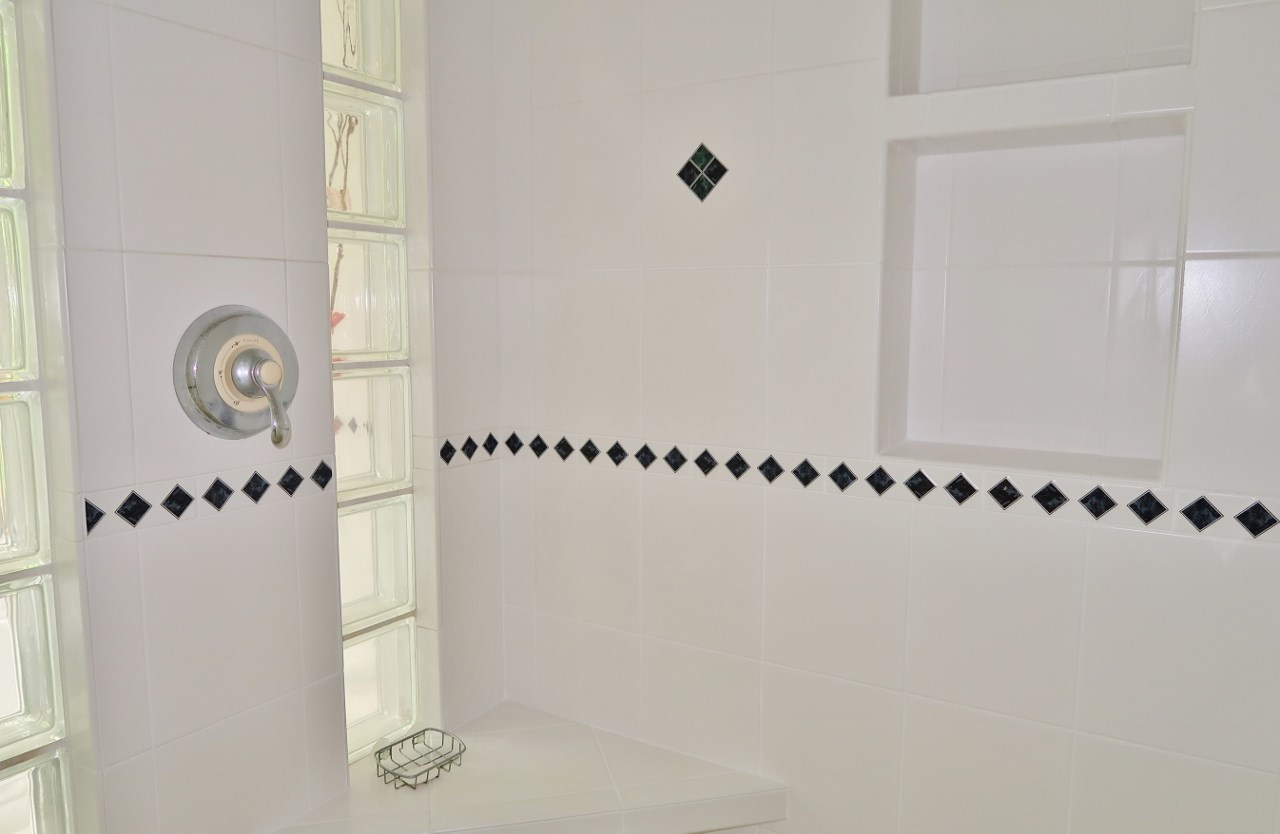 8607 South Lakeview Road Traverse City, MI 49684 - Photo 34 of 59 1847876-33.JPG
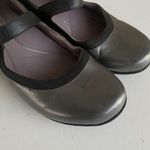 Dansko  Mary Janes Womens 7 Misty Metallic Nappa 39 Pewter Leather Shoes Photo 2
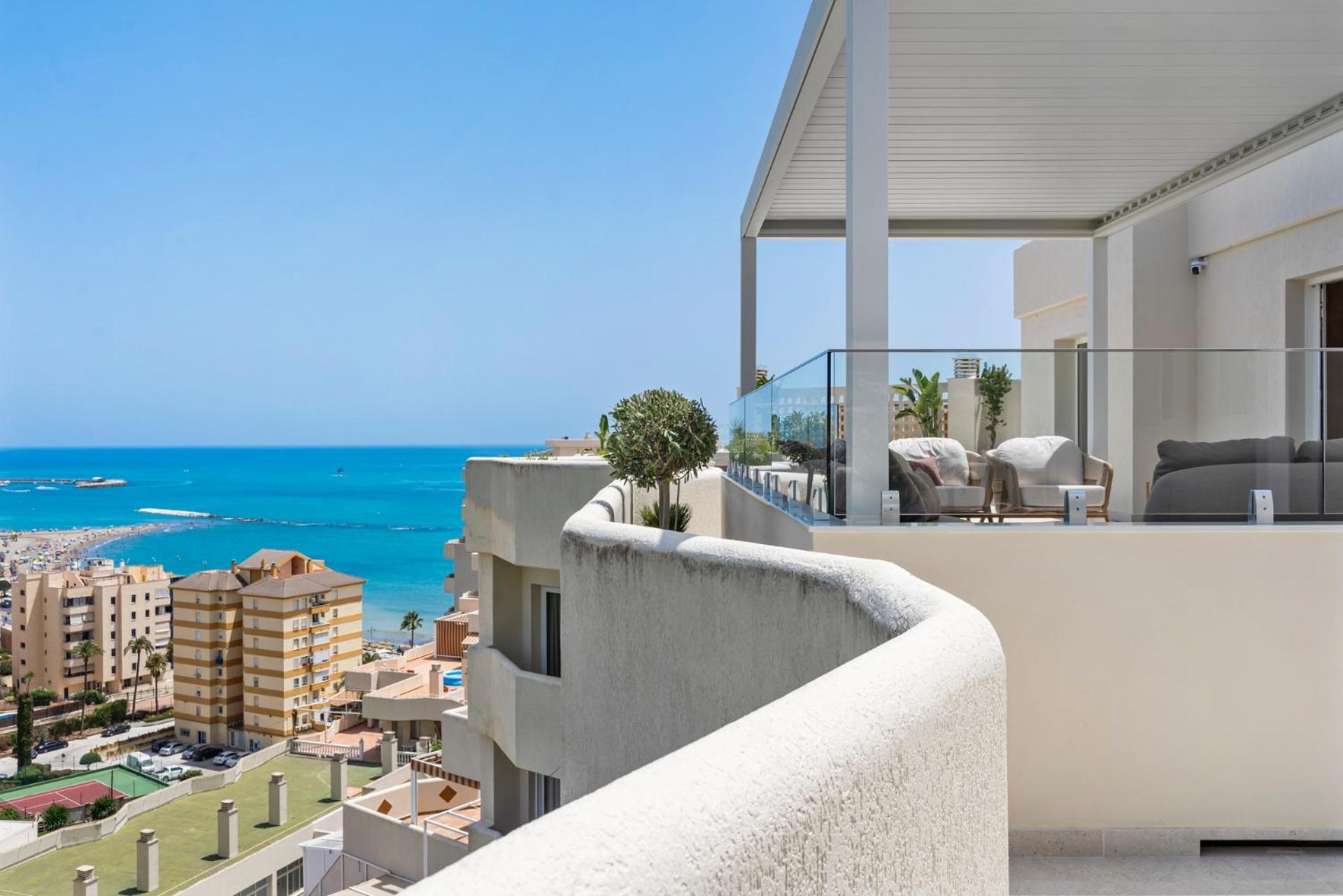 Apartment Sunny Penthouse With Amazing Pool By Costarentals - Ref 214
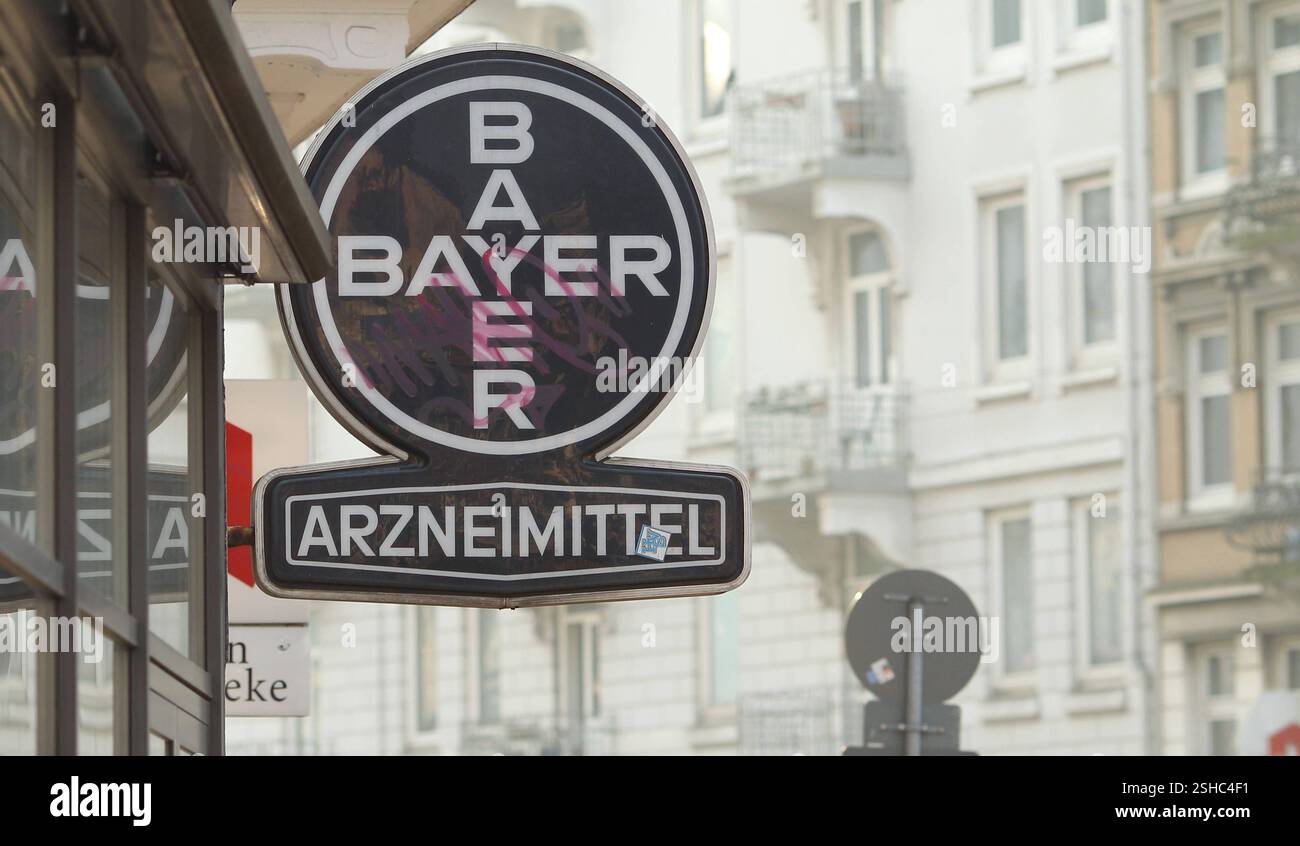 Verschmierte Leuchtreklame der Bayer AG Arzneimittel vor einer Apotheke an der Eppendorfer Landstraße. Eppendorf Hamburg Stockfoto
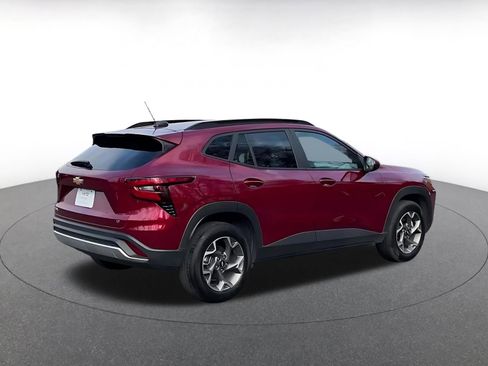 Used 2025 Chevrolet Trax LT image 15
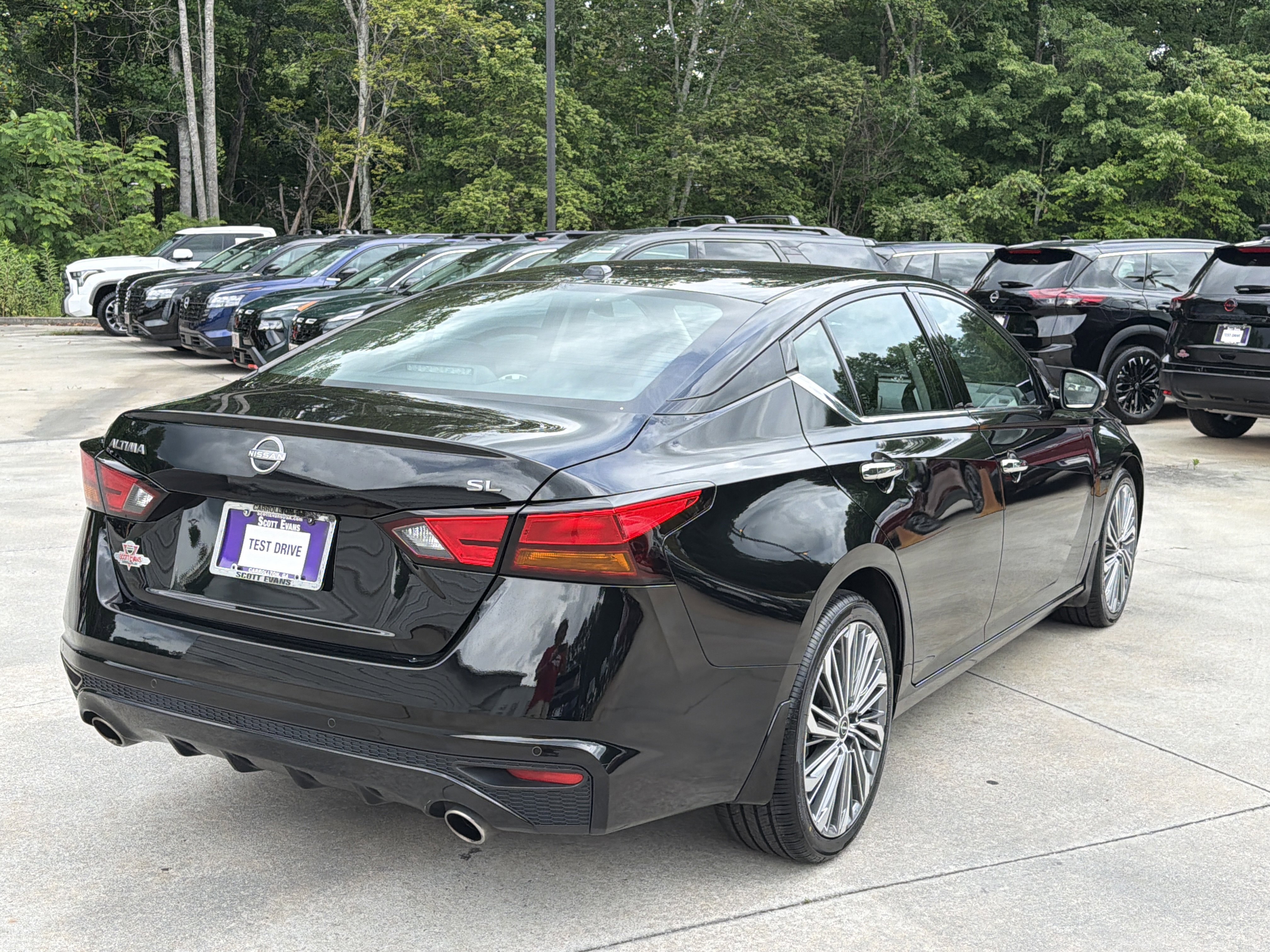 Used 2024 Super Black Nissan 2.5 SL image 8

* **ABOUT THIS TASK**
The records shown above are to be repeated exactly, with the pictures left out.

* **TASK RESPONSE**
 8607 South Lakeview Road Traverse City, MI 49684 - Photo 34 of 59 1847876-33.JPG
 Dansko  Mary Janes Womens 7 Misty Metallic Nappa 39 Pewter Leather Shoes Photo 2
 Apartment Sunny Penthouse With Amazing Pool By Costarentals - Ref 214
 Verschmierte Leuchtreklame der Bayer AG Arzneimittel vor einer Apotheke an der Eppendorfer Landstraße. Eppendorf Hamburg Stockfoto
 Used 2025 Chevrolet Trax LT image 15
 Used 2024 Super Black Nissan 2.5 SL image 8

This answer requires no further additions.